After my first post Andrew Wooster made few really good tweets in response. 140 characters is enough space for two people who understand the issues involved to say a few things, but for anyone who is not familiar with the details those tweets probably don make a great deal of sense. What Andrew brought up really deserves a good explanation, unfortunately you are going to have to settle for mine.
How do filesystems work?
Well, filesystems are very complicated things, and they differ quite a bit, but the basic notion is that they track two things. The first thing they track is data, which is organized into files. That is what users tend to care about. The other thing they track is metadata, which is "data about data." Some metadata has meaning to the user (the time the file was written, the name of the file, the location of the file in the directory structure), and some of it has no direct meaning to the user (the blocks on the disk the file is stored in, checksums about the data, etc). What kind of metadata a filesystem stores is an interesting topic, but it irrelevant to the issue of disk consistency. Arstechnica discusses metadata in detail in their history of filesystems article.

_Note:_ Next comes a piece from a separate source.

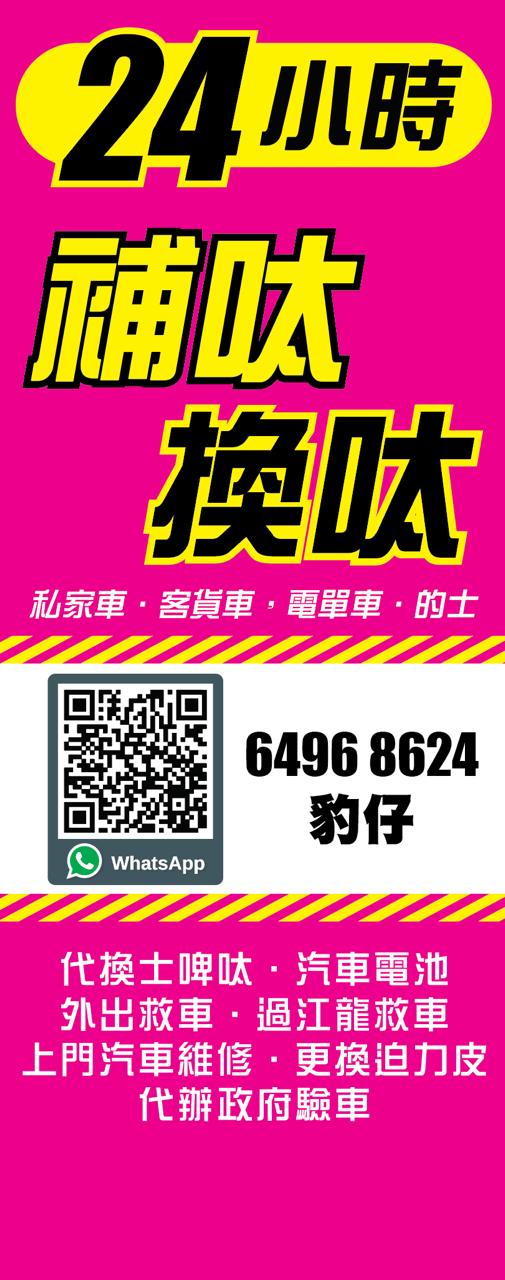 24小時即場補呔服務”多謝各位支持”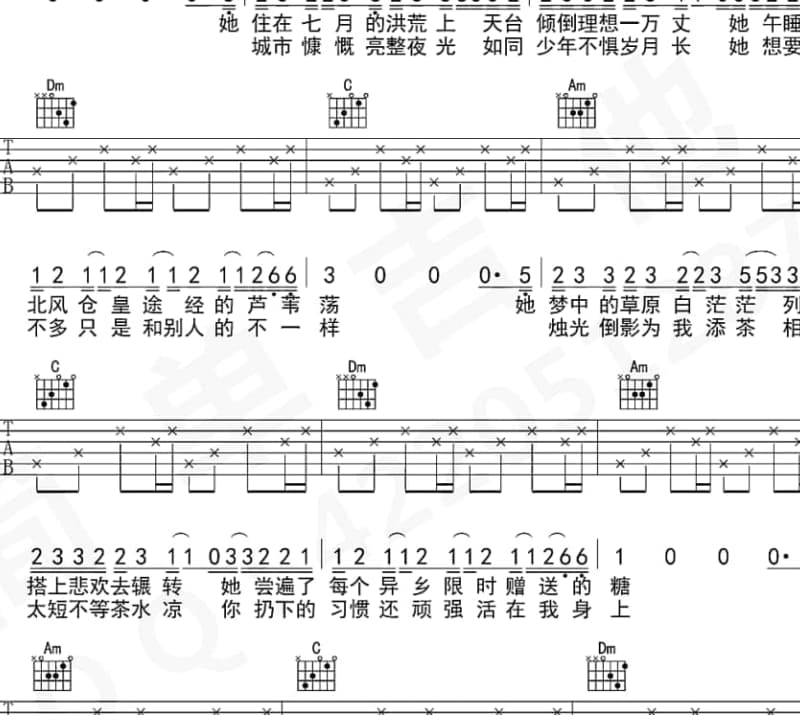 《最难唱的情歌》吉他谱_At17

So lets imagine a have a file, and in the middle of it we want to change one letter. You simple read that block off the disk, modify it, and write it back out. Its simple, and there is not much opportunity for something to go wrong. Now lets imagine a slightly more complicated scenario, where we want to add some more data, which extends the length of the file. To do that we will need to find some extra free space, update the meta data to point the file to that space, write the new data to that space, and indicate the blocks holding the old data are free, in whatever structures the filesystem uses to track free space.

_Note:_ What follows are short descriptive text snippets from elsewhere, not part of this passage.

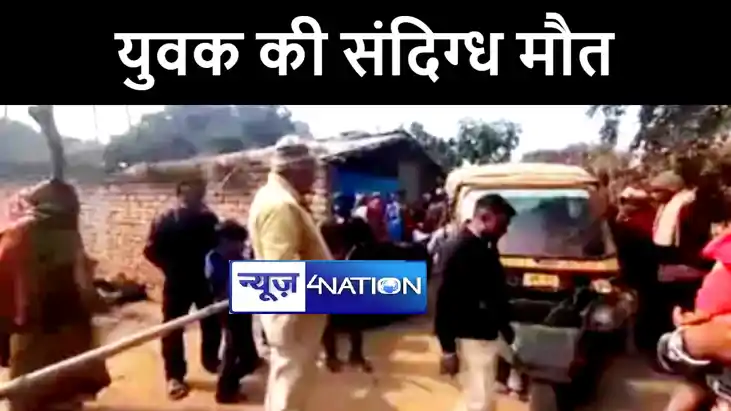 भागलपुर में संदिग्ध परिस्थिति युवक की हुई मौत, परिजनों ने रह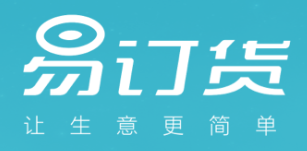 易订货ERP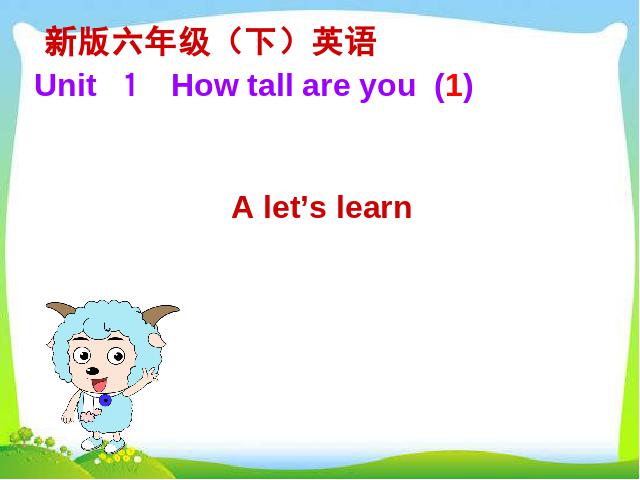 六年级下册英语(PEP版)pep英语Unit1 How tall are you A let's learn课件ppt第4页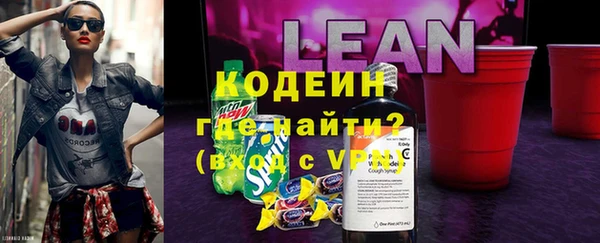 хмурый Армянск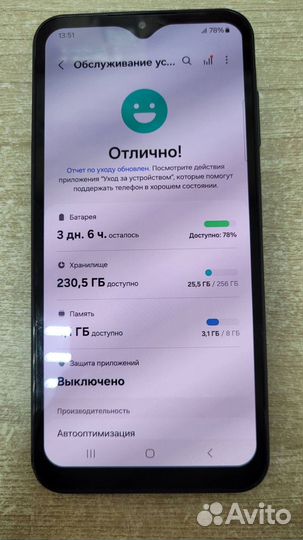 Samsung Galaxy A25, 8/256 ГБ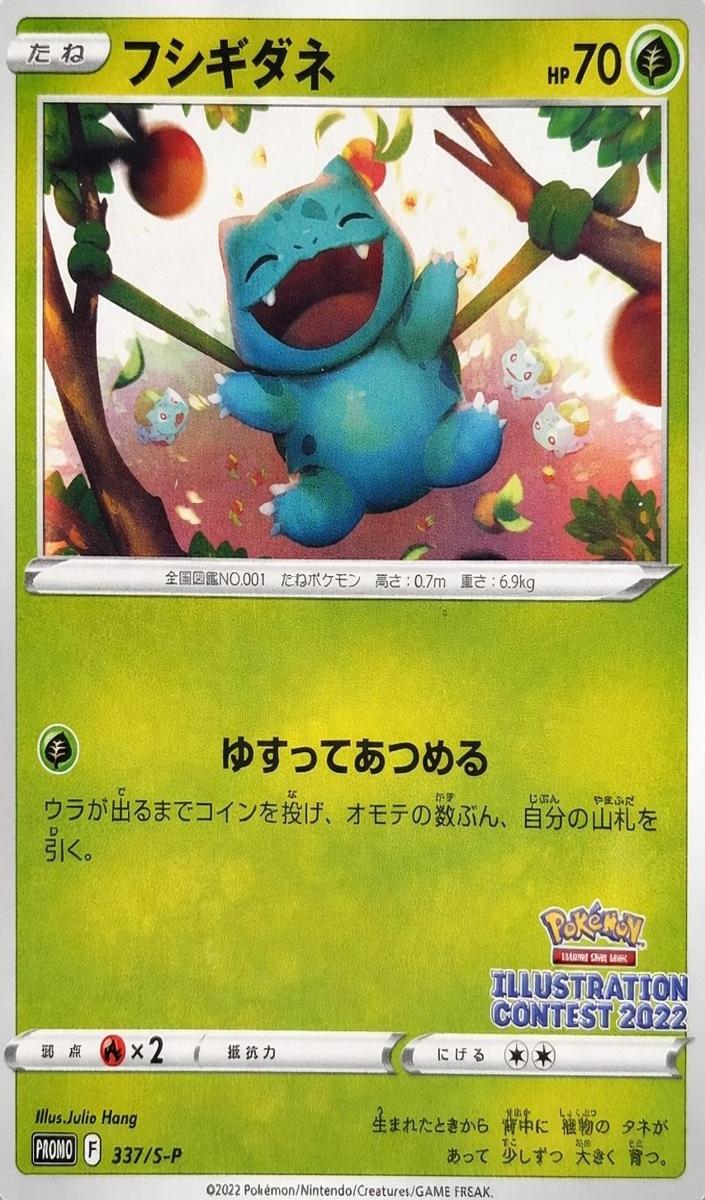2022 Bulbasaur #337/S-P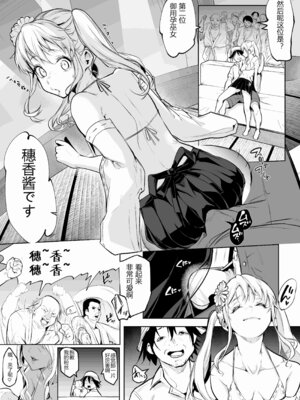 [花森バンビ (バビ)] オハラミサマ 三鼎 FANZA版 [ice个人汉化]_006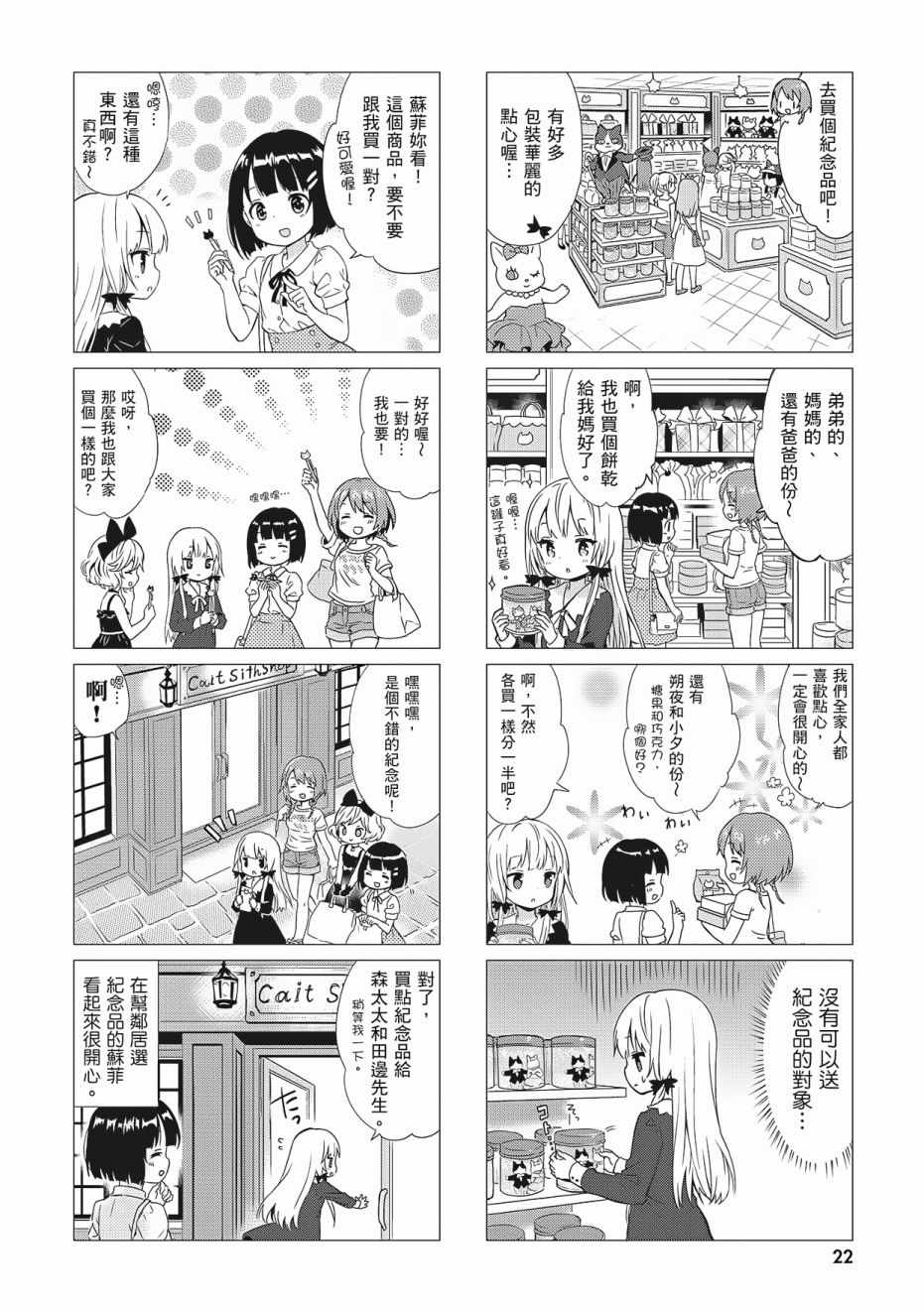 《邻家的吸血鬼小妹》漫画最新章节第3卷免费下拉式在线观看章节第【24】张图片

Careful observers probably already see what is coming bu....
System Crash!!!
Okay, so I just rebooted, and when I came back this file was totally garbled. Lets figure out what happened. I hit save, and the file system found some free space, updated the metadata, but before I had written the new data out to that spot the system crashed. When it rebooted it read the disk metadata which pointed to the new blocks, which still contained whatever garbage they used to contain. That is totally unacceptable, but there is a solution. If the filesystem does things in a specific order everything is much safer:
- Find free space
- Write new data to free space
- Change metadata to point to new data
- Mark old data as free
If we always do it in that order the filesystem will always point to valid data. It might be the old data or the new data (depending on when the crash happens). There is also a chance we might accidentally leave unused blocks marked as used, but that is completely acceptable since it just means that we lose a little bit of space that we can recover through a normal disk scan later.

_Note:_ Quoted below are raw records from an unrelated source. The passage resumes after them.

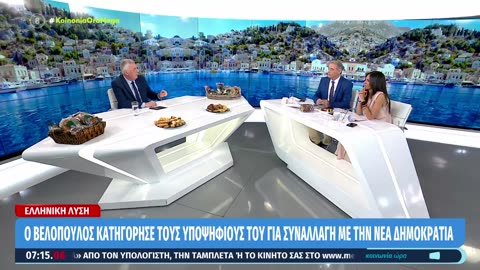 Μυλωνάκης: O Βελόπουλος κοροϊδεύει και εμπαίζει τον ελληνικό λαό …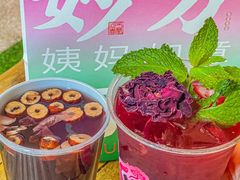 -炖物24章·顺时轻养茶(杭州大厦店)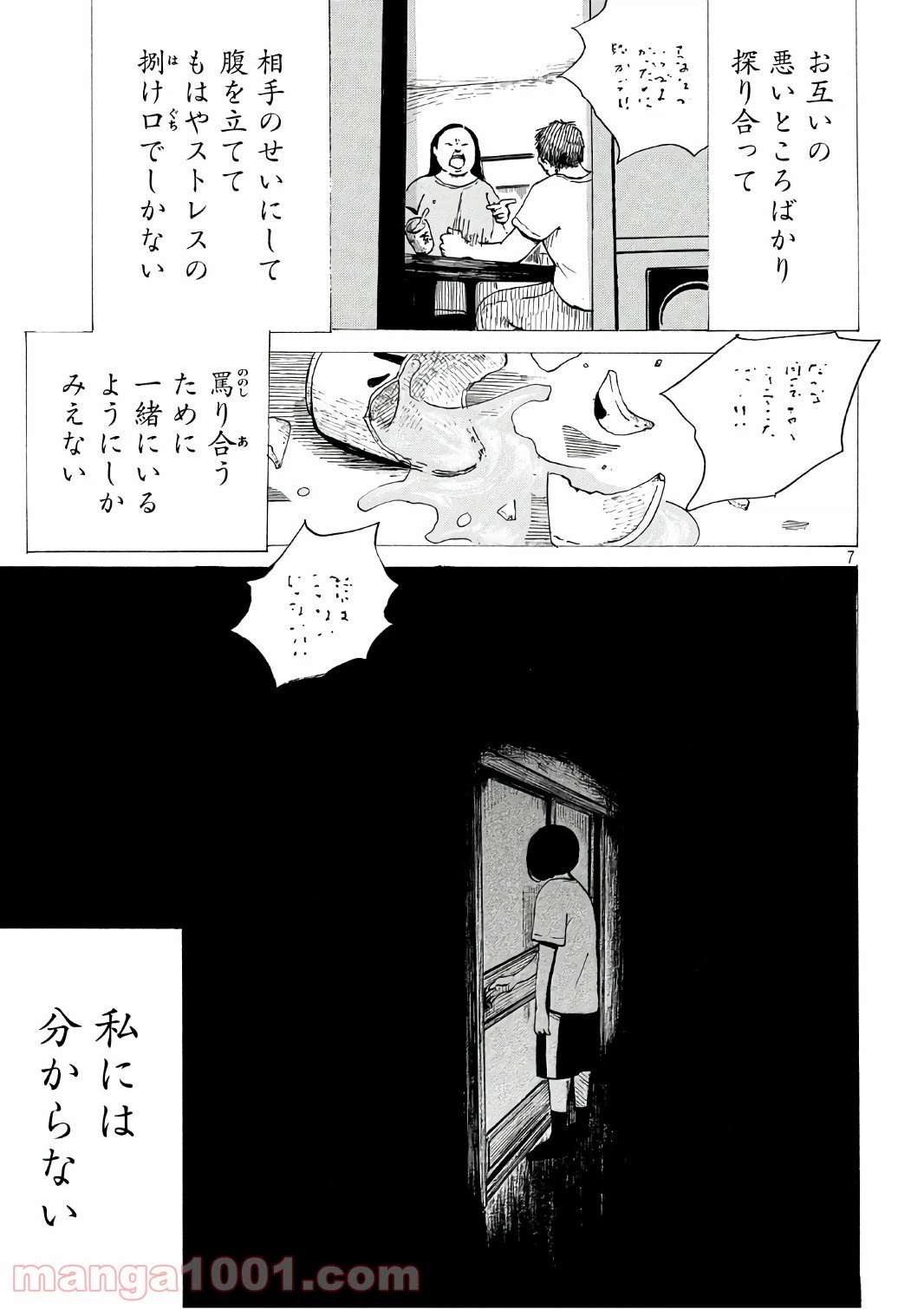 ページ 7 — 第6話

The above process is more simpler than what is done on real filesystems for various reasons, but is essentially the way that traditional UNIX filesystems worked. If you want a good explanation of the gory details Marshall Kirk McKusick goes into it great detail in his books and lectures.
Okay, so if that is how things work, why can't I disconnect my USB drive whenever I want?
That is not how it works now, that is how it worked 25 years ago.It did not even work quite like that back then, but it was close enough that it is not worth getting into the minutiae that are historical footnotes. So why doesn't it work that way any more? In short, it doesn't work that way because hard disks are slow
But my HD does 90MB/s!
Here is a dirty little secret. Those hard drives only do 90MB/sin scenarios that are not particularly relevant most users. Specifically, that number is attained by doing sequential 128KB IO requests on the exterior track of the drive. So lets do some math
- 90 MB/s * 1024 KB/1MB = 92160 KB/s
- 92160 KB/s / (128KB/1IO) == 720 IO/s
So your drive is doing 720 IOs per second (IOPS). The thing is a128K IO takes the same amount of time as a 512 byte IO. So if we look at those above steps, 1 is at least a single metadata read, 2 is our data getting written, and 3 and 4 are each at least a single metadata write. So for each one of those 128KB writes the user is doing, there are at a minimum 3 other IOs going on behind their back to keep track of information. If we do the 4 step commit process described above that means your 90MB/s drive is going to top out 22.5MB/s.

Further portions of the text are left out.